What to work on
Would you please transcribe the listing exactly, with no images?
::: Information shown
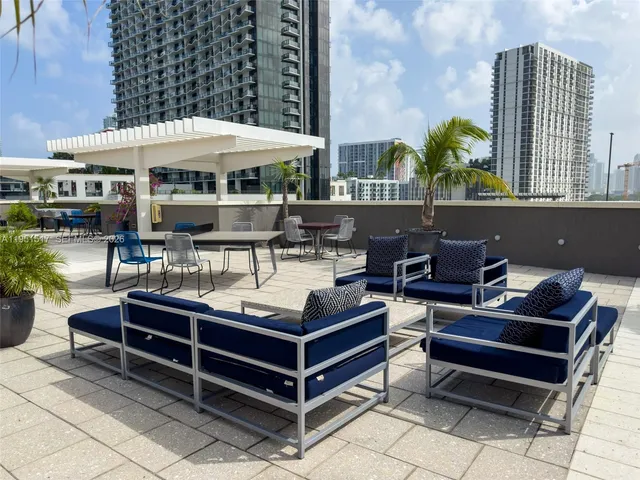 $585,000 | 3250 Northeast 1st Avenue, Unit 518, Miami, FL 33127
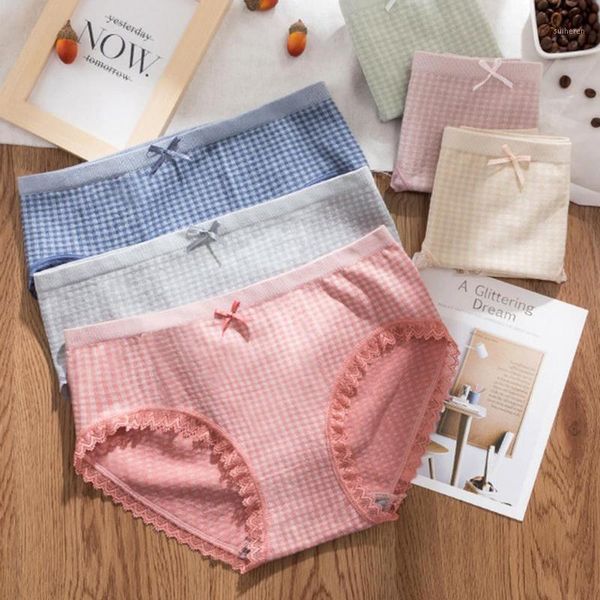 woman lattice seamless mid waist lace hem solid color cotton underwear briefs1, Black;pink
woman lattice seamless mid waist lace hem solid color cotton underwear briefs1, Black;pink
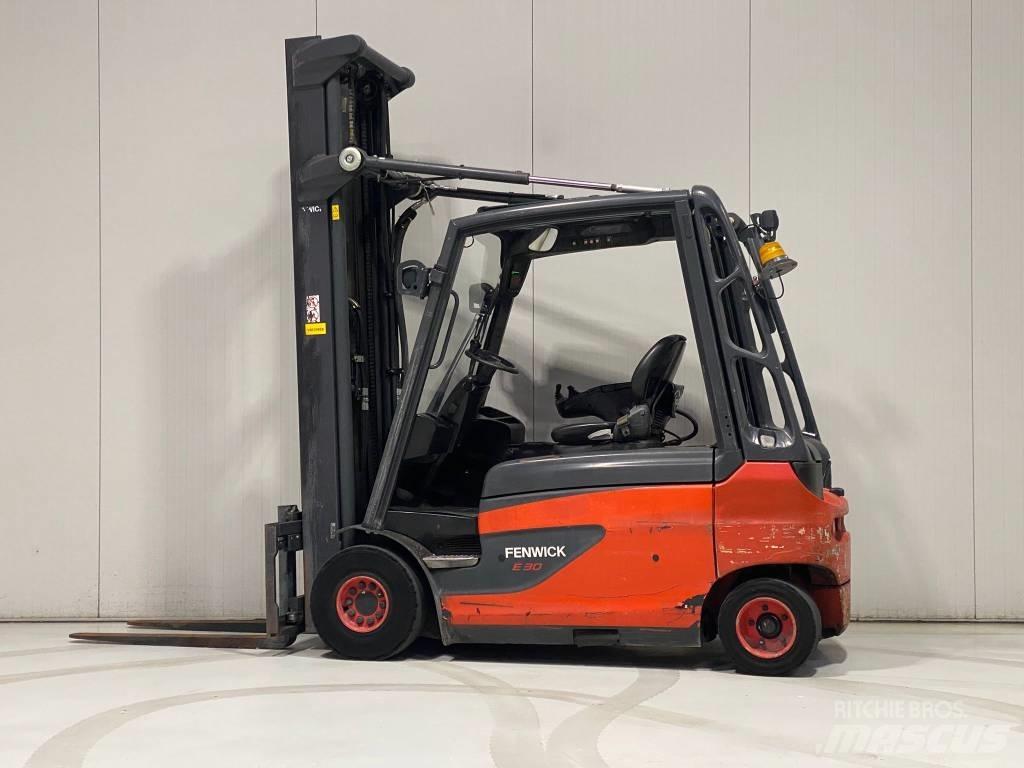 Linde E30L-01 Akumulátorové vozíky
::::::
Task result
 $585,000 | 3250 Northeast 1st Avenue, Unit 518, Miami, FL 33127
 woman lattice seamless mid waist lace hem solid color cotton underwear briefs1, Black;pink
woman lattice seamless mid waist lace hem solid color cotton underwear briefs1, Black;pink
 Linde E30L-01 Akumulátorové vozíky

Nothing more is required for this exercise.